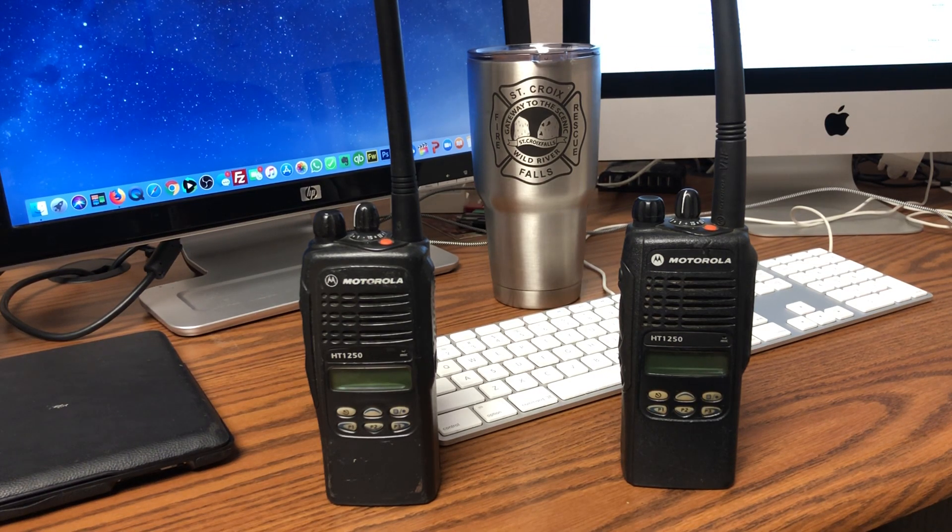Hey everybody, Kirk Anderson here with the St. Croix Fire Department in St. Croix Falls, Wisconsin. I'm going to do a quick tutorial on how to clone your HT-1250.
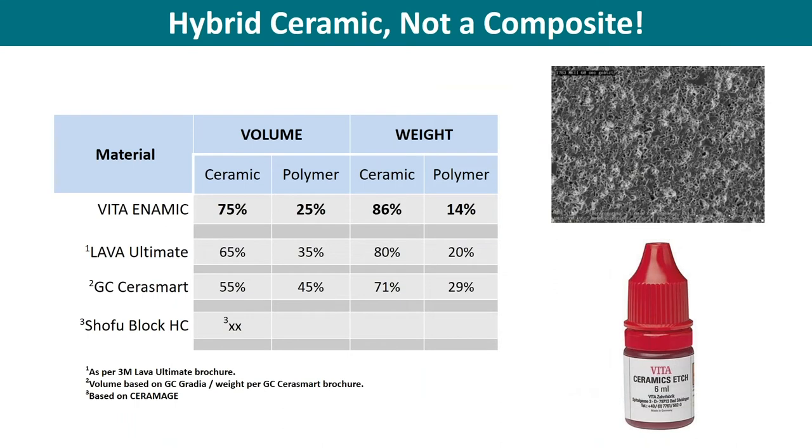There are many composite blocks on the market with various ceramic and polymer ratios. I'm not so caught up on the marketing side of how much ceramic weight is compared to polymer. For me it's more important: what is the volume, the surface area, and what does that surface area structure look like? Because everything is bonded — you can't bond to resin, you have to bond to a glass matrix. Enamic has about 75% surface area of ceramic matrix, so it's very etchable and bonds phenomenally.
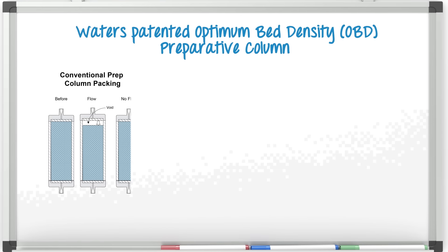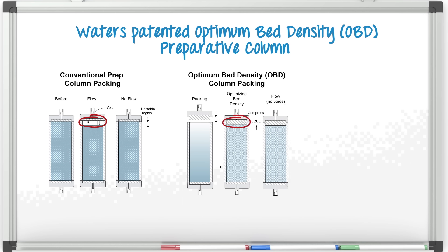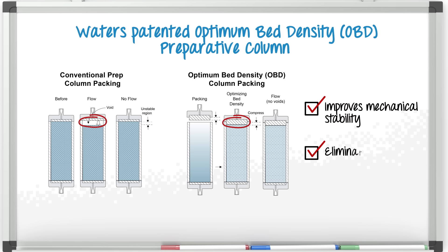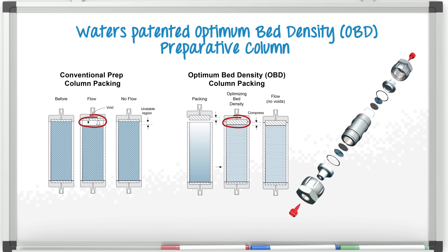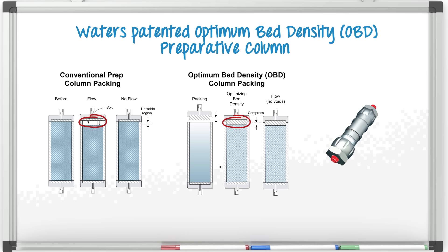Conventional prep column packing can form voids. Optimum bed density, or OBD, column packing was designed to eliminate voids, improving the mechanical stability of the chromatographic bed, particularly at the inlet of the column, and can eliminate column failure. In this diagram, you're looking at an expanded view of the Waters' patented optimum bed density, or OBD, preparative column.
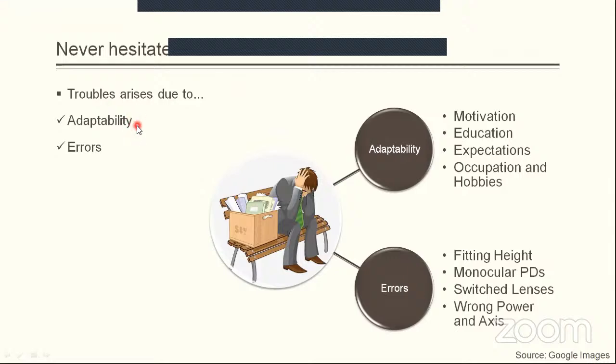Troubles generally arise due to two reasons: adaptability and errors. Adaptability issues occur when motivation was not judged correctly, certain education points were not provided, or the patient's expectations and occupation/hobbies were not understood — highlighting the importance of history taking and conversation skills. Sources of errors include inappropriate fitting heights, incorrect monocular PDs, switched lenses, or wrong power and axis. These are the four key error points from initial measurement to final fitting.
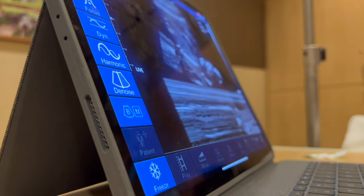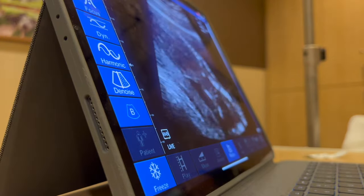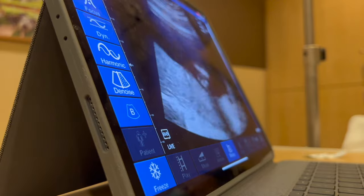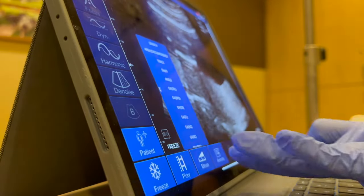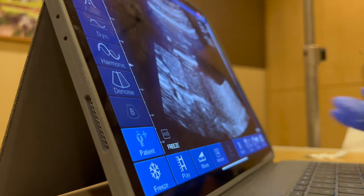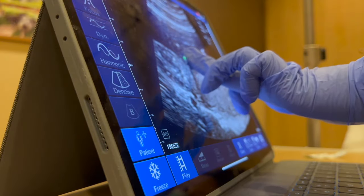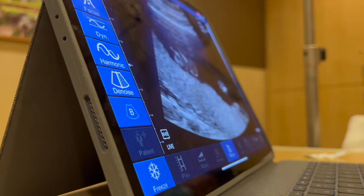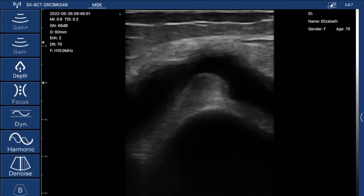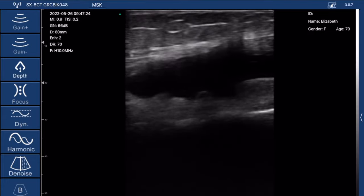I'll show you videos of how I've used this probe on different scans so you can see the kind of results it produces. It pretty much does everything you could think of. It's great for doctor's offices, for your own business, or for fast exams in the hospital setting — it makes it a lot easier and quicker to provide an ultrasound at the bedside than to grab a giant machine, plug it in, and wait for it to boot up.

- [The task]: Set out every record exactly, images excluded.

- [Result]:
Hey everybody, Kirk Anderson here with the St. Croix Fire Department in St. Croix Falls, Wisconsin. I'm going to do a quick tutorial on how to clone your HT-1250.
There are many composite blocks on the market with various ceramic and polymer ratios. I'm not so caught up on the marketing side of how much ceramic weight is compared to polymer. For me it's more important: what is the volume, the surface area, and what does that surface area structure look like? Because everything is bonded — you can't bond to resin, you have to bond to a glass matrix. Enamic has about 75% surface area of ceramic matrix, so it's very etchable and bonds phenomenally.
Conventional prep column packing can form voids. Optimum bed density, or OBD, column packing was designed to eliminate voids, improving the mechanical stability of the chromatographic bed, particularly at the inlet of the column, and can eliminate column failure. In this diagram, you're looking at an expanded view of the Waters' patented optimum bed density, or OBD, preparative column.
Troubles generally arise due to two reasons: adaptability and errors. Adaptability issues occur when motivation was not judged correctly, certain education points were not provided, or the patient's expectations and occupation/hobbies were not understood — highlighting the importance of history taking and conversation skills. Sources of errors include inappropriate fitting heights, incorrect monocular PDs, switched lenses, or wrong power and axis. These are the four key error points from initial measurement to final fitting.
I'll show you videos of how I've used this probe on different scans so you can see the kind of results it produces. It pretty much does everything you could think of. It's great for doctor's offices, for your own business, or for fast exams in the hospital setting — it makes it a lot easier and quicker to provide an ultrasound at the bedside than to grab a giant machine, plug it in, and wait for it to boot up.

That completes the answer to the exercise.